• Exercise prompt:
Every line from the one with "Teaniru, Grandeur Tea" up to and including the one with "Papír rózsacsokor, fehér, 2" is to be output exactly as it appears below; pictures are not.

• Entries supplied:
■ ■ ■ ■
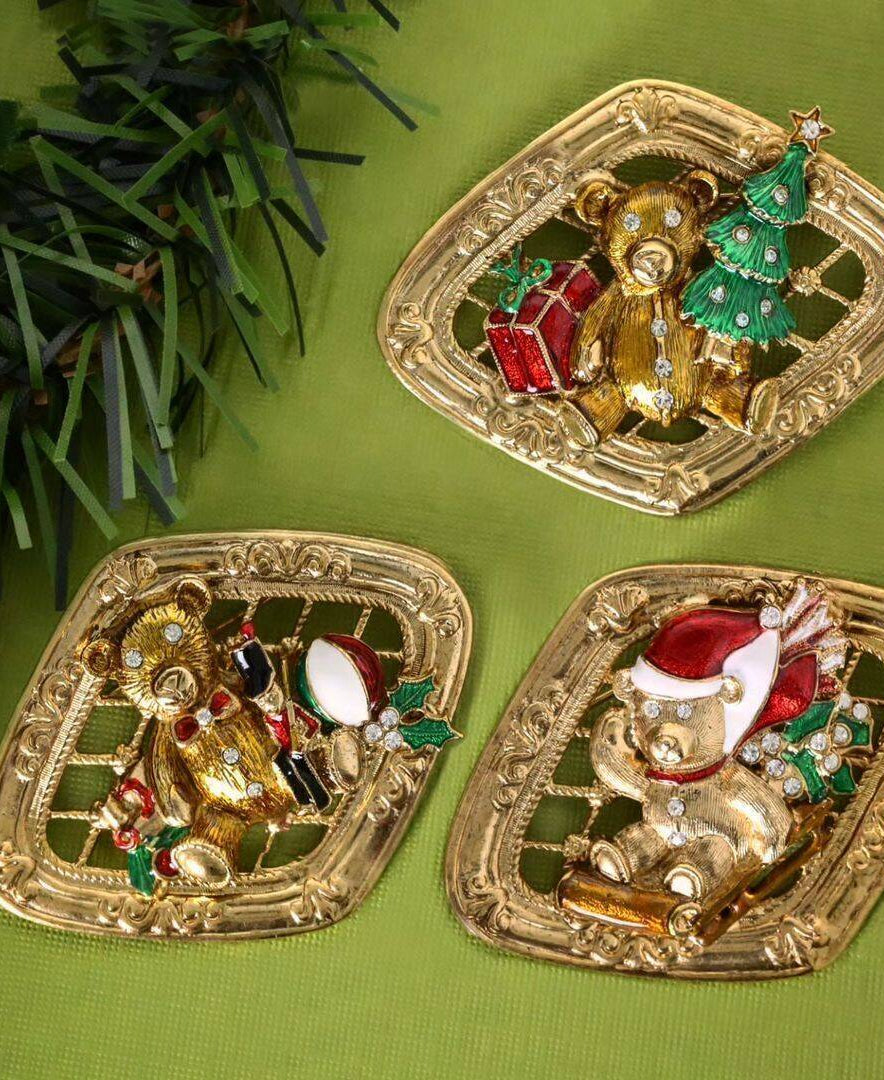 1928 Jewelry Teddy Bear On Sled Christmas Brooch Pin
■ ■ ■ ■
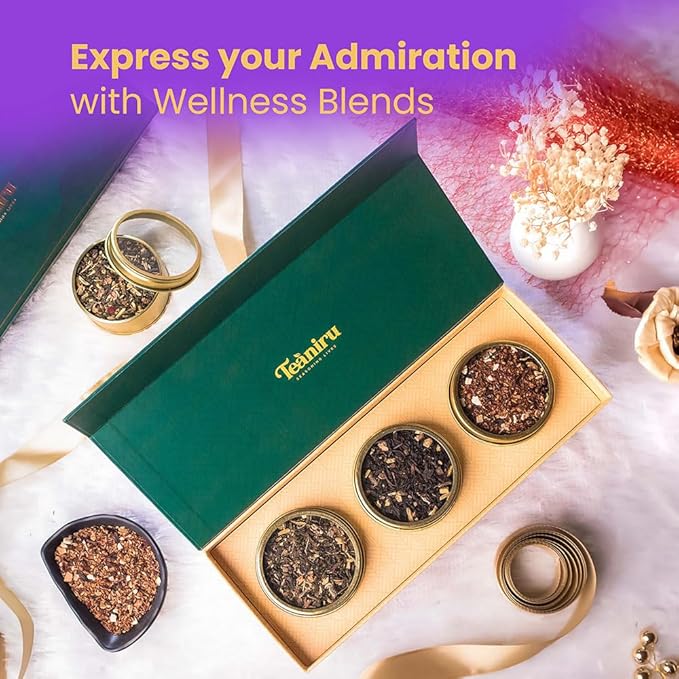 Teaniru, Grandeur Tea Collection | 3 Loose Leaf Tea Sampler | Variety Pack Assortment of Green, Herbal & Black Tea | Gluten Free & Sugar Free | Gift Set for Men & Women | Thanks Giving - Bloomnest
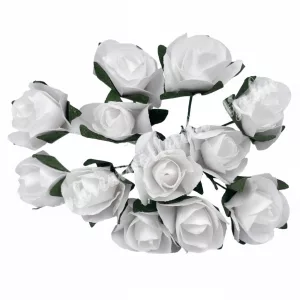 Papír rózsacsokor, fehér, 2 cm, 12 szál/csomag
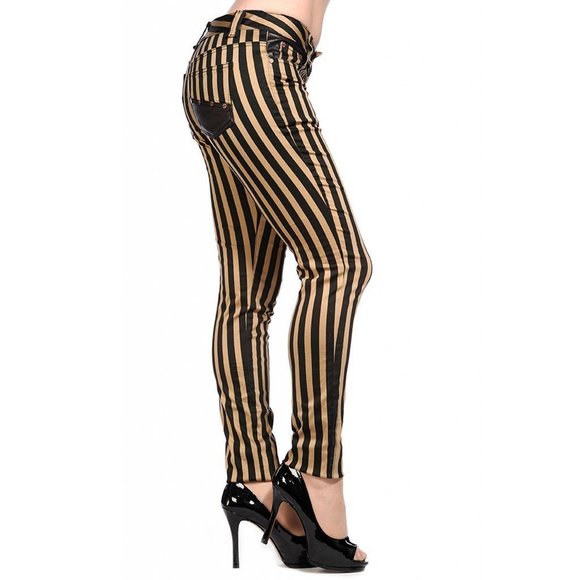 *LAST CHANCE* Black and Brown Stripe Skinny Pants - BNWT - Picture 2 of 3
■ ■ ■ ■
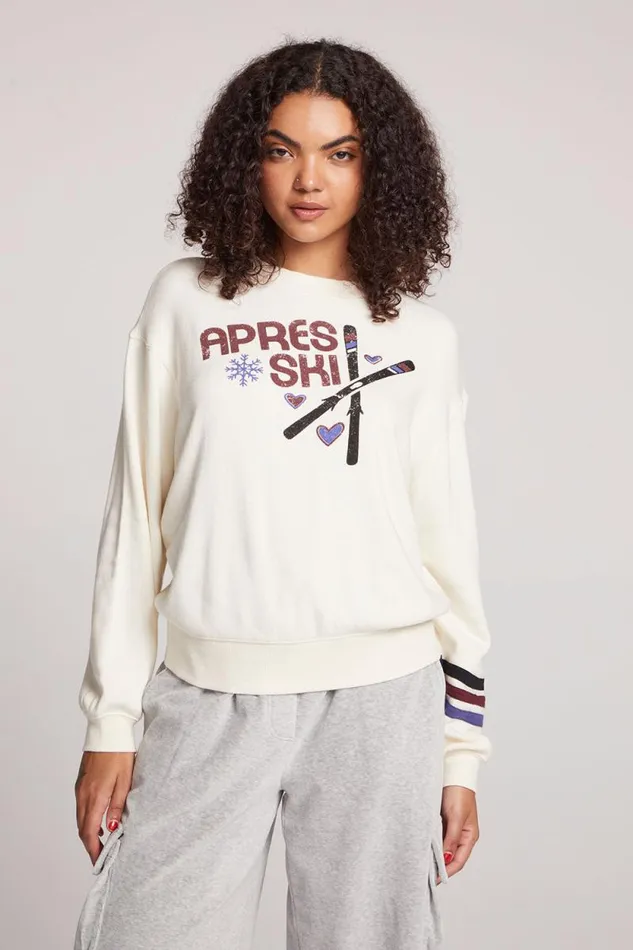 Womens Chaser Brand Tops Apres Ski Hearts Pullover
■ ■ ■ ■
• Answer to this problem:
 Teaniru, Grandeur Tea Collection | 3 Loose Leaf Tea Sampler | Variety Pack Assortment of Green, Herbal & Black Tea | Gluten Free & Sugar Free | Gift Set for Men & Women | Thanks Giving - Bloomnest
 Papír rózsacsokor, fehér, 2 cm, 12 szál/csomag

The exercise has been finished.